_What the exercise asks_. From the line that contains "Grohe BauLoop BidetarmaturChrom, Glänzend" down to the last line of the entries, repeat every line exactly. Do not carry over the pictures.

(Source data)
-*-

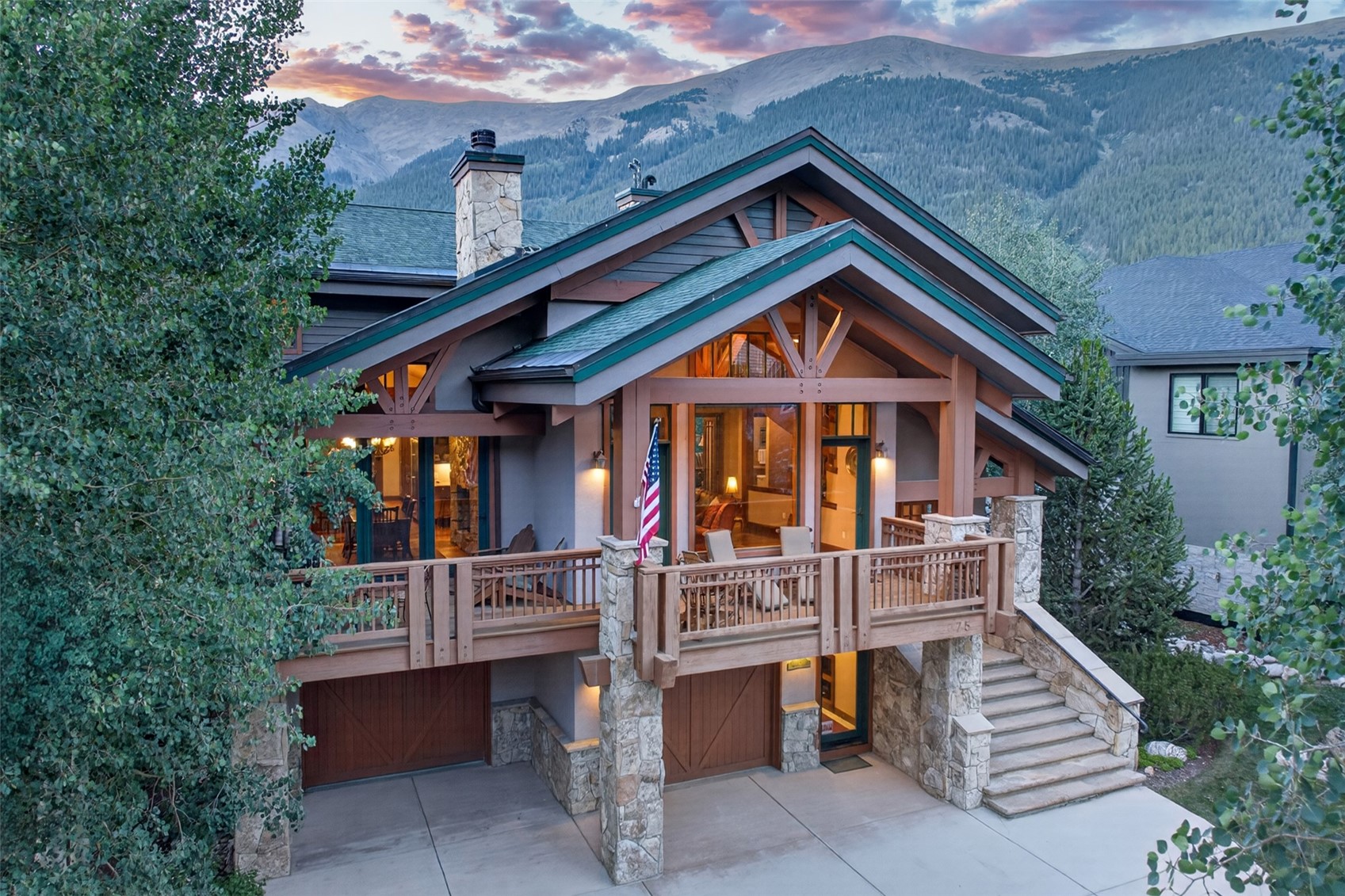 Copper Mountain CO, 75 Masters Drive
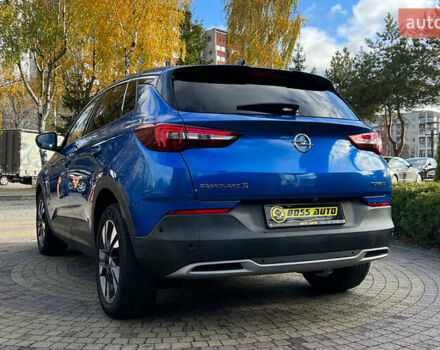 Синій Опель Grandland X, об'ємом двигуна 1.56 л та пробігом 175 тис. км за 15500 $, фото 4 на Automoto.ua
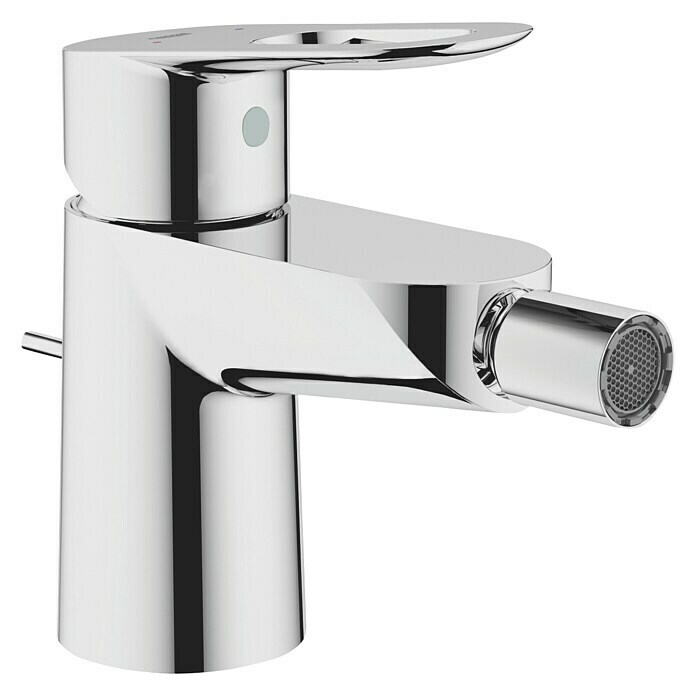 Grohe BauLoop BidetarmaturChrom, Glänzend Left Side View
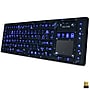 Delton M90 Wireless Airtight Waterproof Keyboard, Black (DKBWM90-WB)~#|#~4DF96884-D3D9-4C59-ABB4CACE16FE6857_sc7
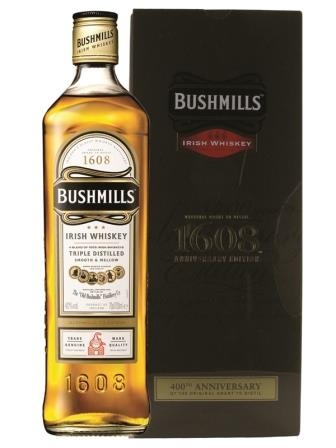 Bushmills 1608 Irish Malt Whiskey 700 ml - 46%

-*-

_Output of the exercise_.
 Grohe BauLoop BidetarmaturChrom, Glänzend Left Side View
 Delton M90 Wireless Airtight Waterproof Keyboard, Black (DKBWM90-WB)~#|#~4DF96884-D3D9-4C59-ABB4CACE16FE6857_sc7
 Bushmills 1608 Irish Malt Whiskey 700 ml - 46%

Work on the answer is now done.